The Times reports this morning that hopes that the European Central Bank will join its Briti...
The Times reports this morning that hopes that the European Central Bank will join its British counterpart in cutting interest rates were growing last night, as economists digested yet more grim news from the eurozone.
Analysts said that it was increasingly likely that the ECB will bow to pressure for a cut after key figures yesterday showed that business confidence in the eurozone had plunged to a five-year low and German industrial orders had collapsed.
The FT writes that Royal & Sun Alliance, the UK-based composite insurer, on Thursday signalled that it might cut its full-year dividend to about 16p and would sell assets to raise surplus capital as it undershot expectations with a third-quarter operating loss.
The insurer, which had been linked to a possible £1bn ($1.46bn) rights issue, needs capital to fund expansion of its general insurance operations. RSA said it had identified measures to release £800m in capital during 2002 which would allow it to write an additional £2bn in premiums.

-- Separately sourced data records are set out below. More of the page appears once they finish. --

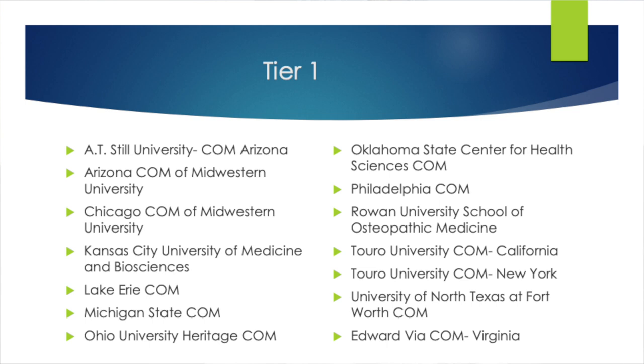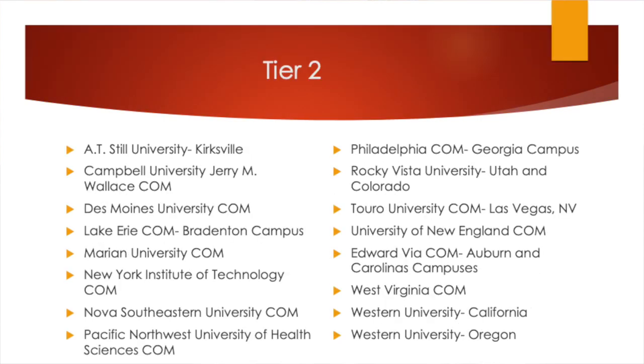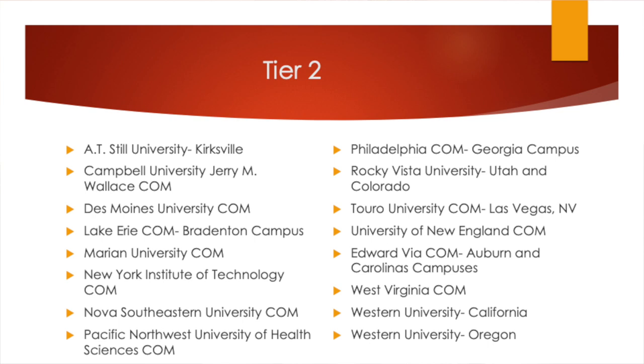As you can see in tier one, a lot of these schools are in large metropolitan cities, because many people want to be near a big city rather than out in the middle of nowhere — and a lot of DO schools are out in nowhere. Tier two schools are going to accept a slightly lower MCAT and GPA. They're still in slightly larger cities, but in my opinion they're tier two because they accept lower stats and they're also on the newer side compared to the tier one schools.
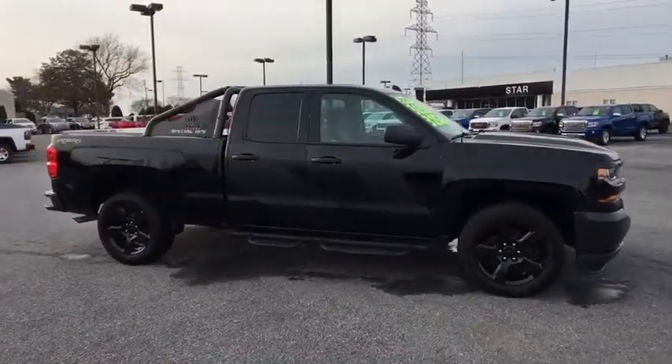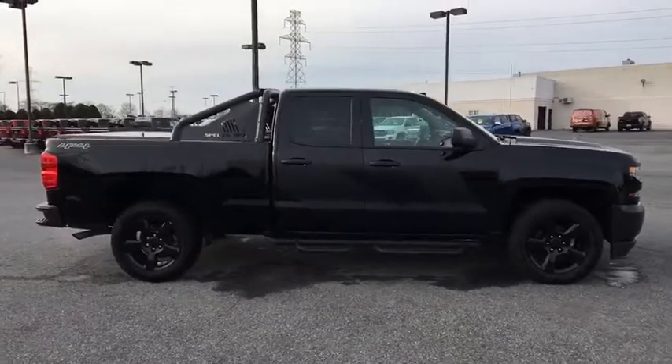This vehicle has less than 20,000 miles. Here are some of this vehicle's great options.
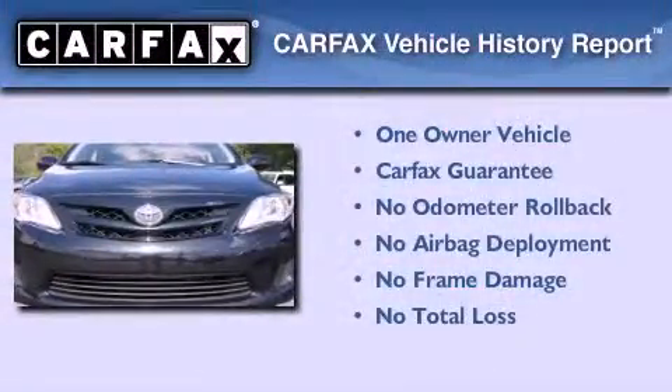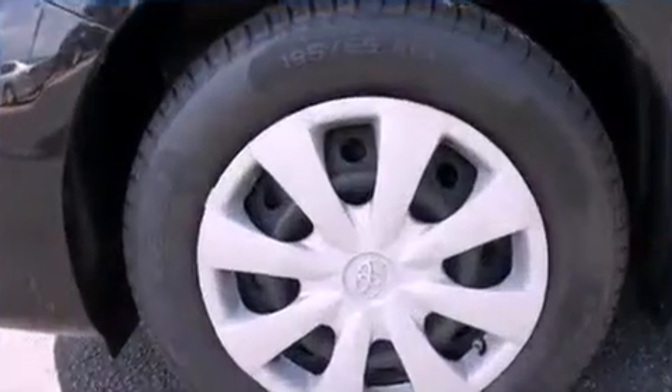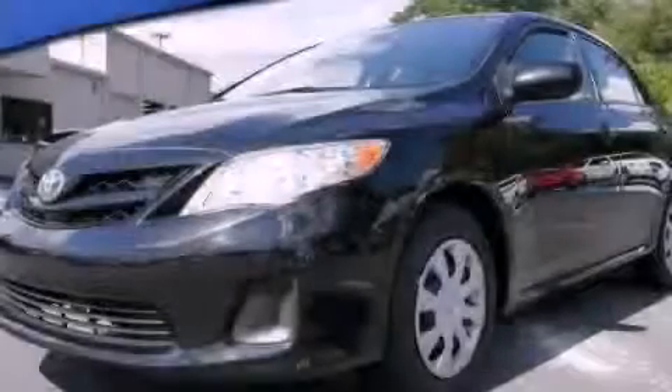This sedan has had only one owner, and it qualifies for the Carfax buy-back guarantee. Please call today to reserve this vehicle for a test drive.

The Times says that Alistair Lennard, the manager of Unilever's £1 billion pension portfolio, operated a level of risk that was double that of other members of the fund management team, the High Court was told yesterday.
Jonathan Sumption, QC, for Unilever, was questioning Carol Galley, one of the founders of Mercury Asset Management (MAM), for the third day.
The troubled UK water industry suffered another blow yesterday, writes the Times, when ScottishPower conceded defeat in its attempt to find a buyer for its Southern Water subsidiary.
ScottishPower is believed to have been seeking at least £1.7 billion for the business, with possible buyers including Centrica, the British Gas group. But the company gave up hopes of finding a new owner for the business, which in common with other water suppliers, has been blighted by a tough regulatory regime on prices since 2000.
Never mind the Taleban, says the Times, the real enemy could be hiding behind the filing cabinet, according to an annual review by Control Risks Group (CRG), the international business risk consultancy.
Changes in the worker/company relationship — with employees growing cynical about job security, post-September 11 — have left companies at increasing risk from malicious damage and fraud.